I recreated the plot of this post by using this code:

library(ggplot2)
library(gridExtra)

nslots <- 7
p_target <- 1:7
p_target <- p_target/sum(p_target)

#Construct the transition matrix

proposal_matrix <- matrix(0, nrow = nslots, ncol = nslots)

for(from_idx in 1:nslots){
  for(to_idx in 1:nslots) {
    if(to_idx == from_idx -1) {proposal_matrix[from_idx, to_idx] <- 0.5}
    if(to_idx == from_idx + 1) {proposal_matrix[from_idx, to_idx] <- 0.5}
  }
}

#Construct the acceptance matrix
acceptance_matrix <- matrix(0, nrow = nslots, ncol = nslots)

for(from_idx in 1:nslots) {
  for(to_idx in 1:nslots) {
    acceptance_matrix[from_idx, to_idx] <- min(p_target[to_idx]/p_target[from_idx], 1)
  }
}

#Compute the matrix of move probabilities
move_matrix <- proposal_matrix * acceptance_matrix

# Compute the transition matrix, including the probability of staying in place:
transition_matrix <- move_matrix
for ( diag_idx in 1:nslots ) {
  transition_matrix[diag_idx, diag_idx] = 1.0 - sum(move_matrix[diag_idx,])
}
show(transition_matrix)
#>      [,1]      [,2]      [,3]  [,4]      [,5]       [,6]      [,7]
#> [1,] 0.50 0.5000000 0.0000000 0.000 0.0000000 0.00000000 0.0000000
#> [2,] 0.25 0.2500000 0.5000000 0.000 0.0000000 0.00000000 0.0000000
#> [3,] 0.00 0.3333333 0.1666667 0.500 0.0000000 0.00000000 0.0000000
#> [4,] 0.00 0.0000000 0.3750000 0.125 0.5000000 0.00000000 0.0000000
#> [5,] 0.00 0.0000000 0.0000000 0.400 0.1000000 0.50000000 0.0000000
#> [6,] 0.00 0.0000000 0.0000000 0.000 0.4166667 0.08333333 0.5000000
#> [7,] 0.00 0.0000000 0.0000000 0.000 0.0000000 0.42857143 0.5714286

# Specify starting position vector:
position_vec = rep(0,nslots)
position_vec[round(nslots/2)] = 1.0

p <- list()
data <- as.data.frame(cbind(position = 1:nslots, prob = position_vec))
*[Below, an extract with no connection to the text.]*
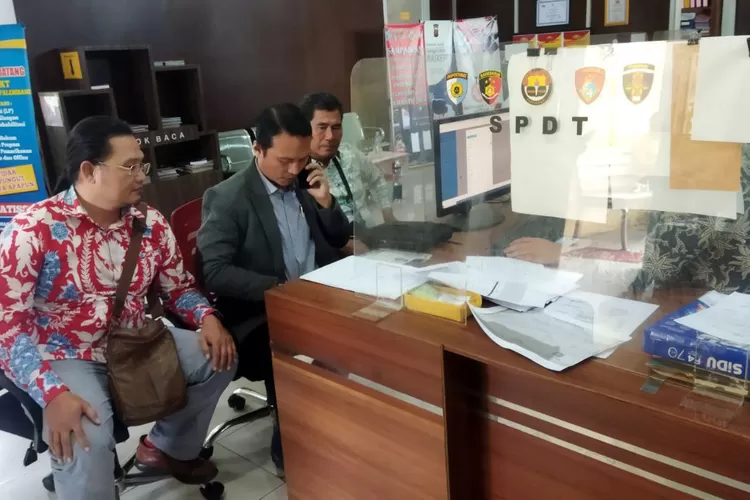 Anggota DPRD Sumsel AS, yang dilaporkan menipu senilai Rp 100 juta ke Polda Sumsel, lapor balik ke Polrestabes Palembang.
#Loop through the requisite time indexes
#Create a plot
#Update the data and transition vector
for(time_idx in 1:15) {
  #browser()
  p[[time_idx]] <- ggplot(data, aes(x = position, y = prob)) +
    geom_segment(aes(x = position, y = 0, xend = position, yend = prob)) +
    scale_x_continuous(expression(theta), breaks = 1:7) +
    ylab(expression(paste("p(", theta, ")"))) +
    ggtitle(bquote(t==.(time_idx))) +
    theme_minimal()

  #Update the position vec
  position_vec <- position_vec %*% transition_matrix

  data <- NULL #In order to reset the data for the next plot
  data <- as.data.frame(cbind(position = 1:nslots, prob = t(position_vec)))
  names(data) <- c("position", "prob")
}

#Plot the target distribution
data <- NULL
data <- data.frame(position = 1:nslots, prob = p_target)
p[[time_idx + 1]] <- ggplot(data, aes(x = position, y = prob)) +
  geom_segment(aes(x = position, y = 0, xend = position, yend = prob)) +
  scale_x_continuous(expression(theta), breaks = 1:7) +
  ylab(expression(paste("p(", theta, ")"))) +
  ggtitle("target") +
  theme_minimal()

#Layout the final plot
do.call("grid.arrange", c(p, nrow = 4, as.table = FALSE))

Created on 2020-04-03 by the reprex package (v0.3.0)

ASKurz commented 4 years ago

@cmoten, I don't have time to look through this in detail, today. But on first glance, this is excellent. Thank you so much!

cmoten commented 4 years ago

@ASKurz no problem and thank you for providing this book. I am interested in learning more about the brms and tidybayes packages and your book provides a good start to learn them.

ASKurz commented 4 years ago

Finally had a chance to walk through this. It works! I’ll update this section and credit you for your answer in the next release of the book.